[Task data Boundary: Start]

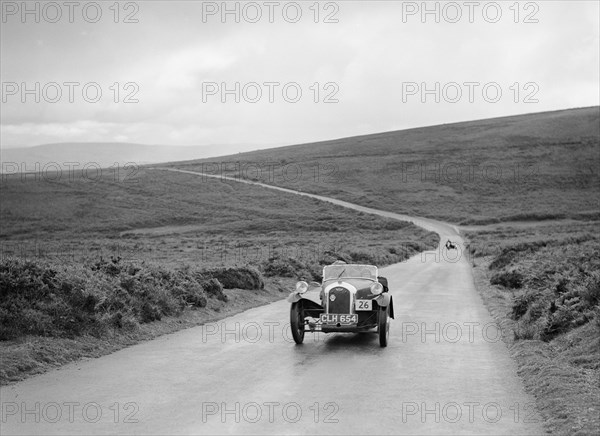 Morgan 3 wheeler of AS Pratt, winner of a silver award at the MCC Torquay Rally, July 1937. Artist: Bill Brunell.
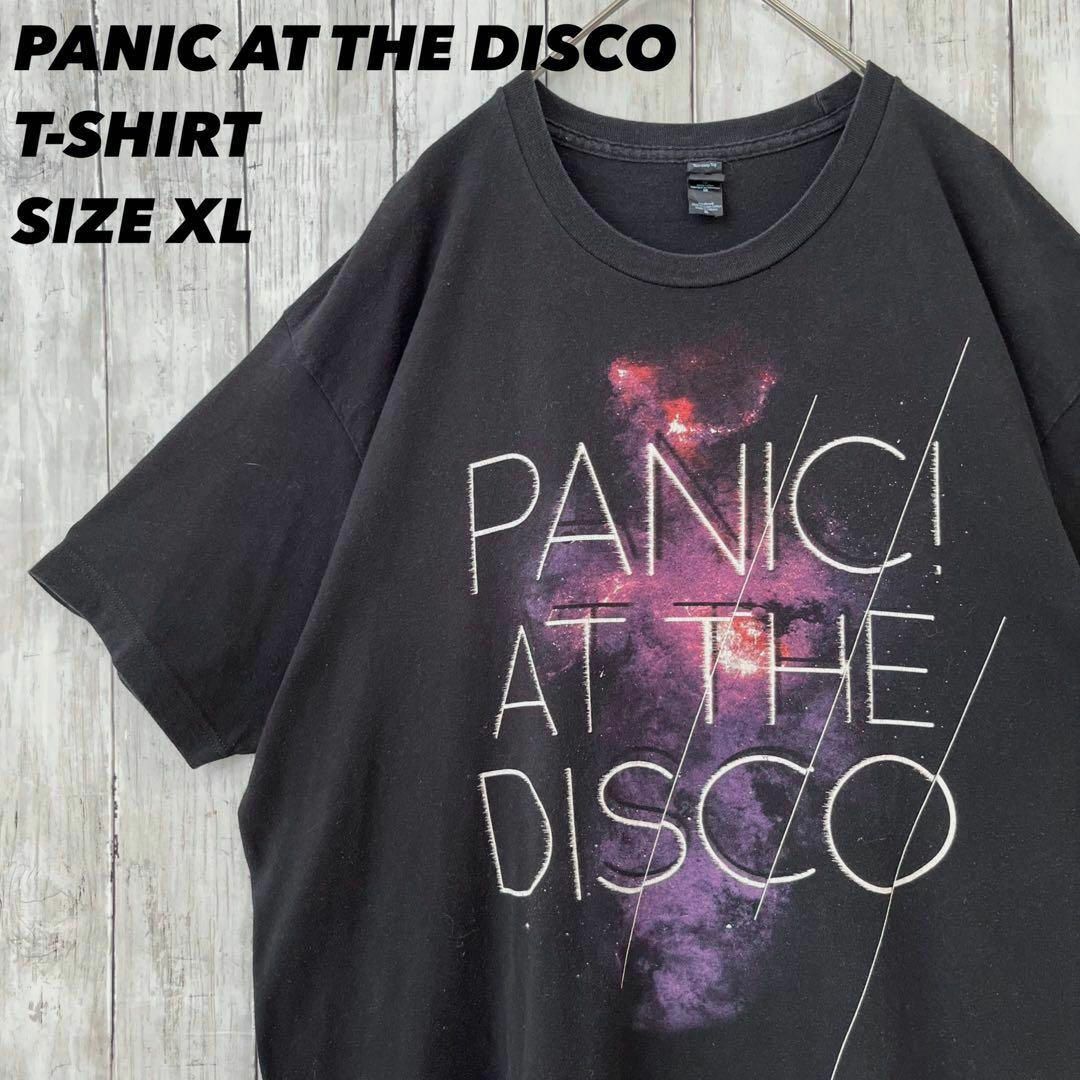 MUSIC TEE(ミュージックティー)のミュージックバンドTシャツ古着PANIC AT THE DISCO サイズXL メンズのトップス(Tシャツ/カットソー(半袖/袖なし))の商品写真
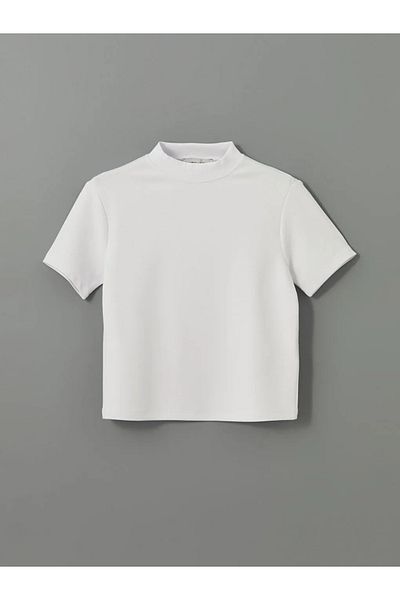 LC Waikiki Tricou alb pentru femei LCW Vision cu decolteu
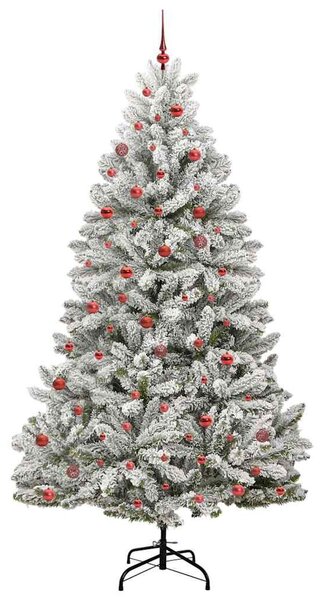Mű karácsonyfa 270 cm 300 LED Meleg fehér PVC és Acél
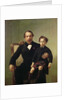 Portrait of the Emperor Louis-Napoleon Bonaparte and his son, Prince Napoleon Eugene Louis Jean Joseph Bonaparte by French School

[Task data Boundary: End]
[Task data Boundary: Start]

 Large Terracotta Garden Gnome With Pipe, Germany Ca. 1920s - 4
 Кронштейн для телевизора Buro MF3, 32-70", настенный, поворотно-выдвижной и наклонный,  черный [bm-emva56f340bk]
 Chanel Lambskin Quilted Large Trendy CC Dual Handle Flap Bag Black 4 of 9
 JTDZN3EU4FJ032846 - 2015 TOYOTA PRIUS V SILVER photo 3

[Task data Boundary: End]
[Task data Boundary: Start]

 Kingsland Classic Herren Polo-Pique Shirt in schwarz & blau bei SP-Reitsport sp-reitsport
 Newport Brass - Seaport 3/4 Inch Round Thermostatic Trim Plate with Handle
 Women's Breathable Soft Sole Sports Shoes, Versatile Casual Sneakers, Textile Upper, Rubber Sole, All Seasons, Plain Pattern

[Task data Boundary: End]

**Prompt**
Please list every line of the records that contains "Handle".

**Response**
 Chanel Lambskin Quilted Large Trendy CC Dual Handle Flap Bag Black 4 of 9
 Newport Brass - Seaport 3/4 Inch Round Thermostatic Trim Plate with Handle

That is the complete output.